GARD Taux de TVA dans les centres équestres : "Combien de nos cavaliers vont pouvoir continuer ?"
Ce lundi après-midi, les gérants de centres équestres du Vaucluse et du Gard ont laissé un temps leur cavalerie pour se donner rendez-vous à l'île Piot à Avignon. Ils ont marché jusqu'à la préfecture. La raison ? Ils veulent un taux de TVA harmonisé à 5,5 %.
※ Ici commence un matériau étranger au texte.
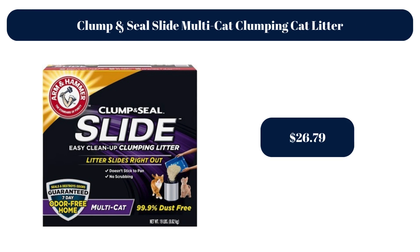Clump and Seal Slide Multi-Cat Clumping Cat Litter, $26.79.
La grande majorité des centres équestres et poney-clubs français sont des entreprises privées. Les gérants sont donc assujettis à la TVA. En 2014, l'État a dû se conformer à la législation européenne et a dû revoir les taux applicables à la filière équine. Depuis les structures équestres se soumettent à un régime de TVA "complexe et fragile du point de vue juridique", soulignent la Fédération française d'équitation (FFE) et le syndicat Groupement hippique national (GHN). L'enseignement de l'équitation sportive est taxé à 20 % tandis que l'utilisation des installations sportives et l'équitation scolaire est à 5,5 %.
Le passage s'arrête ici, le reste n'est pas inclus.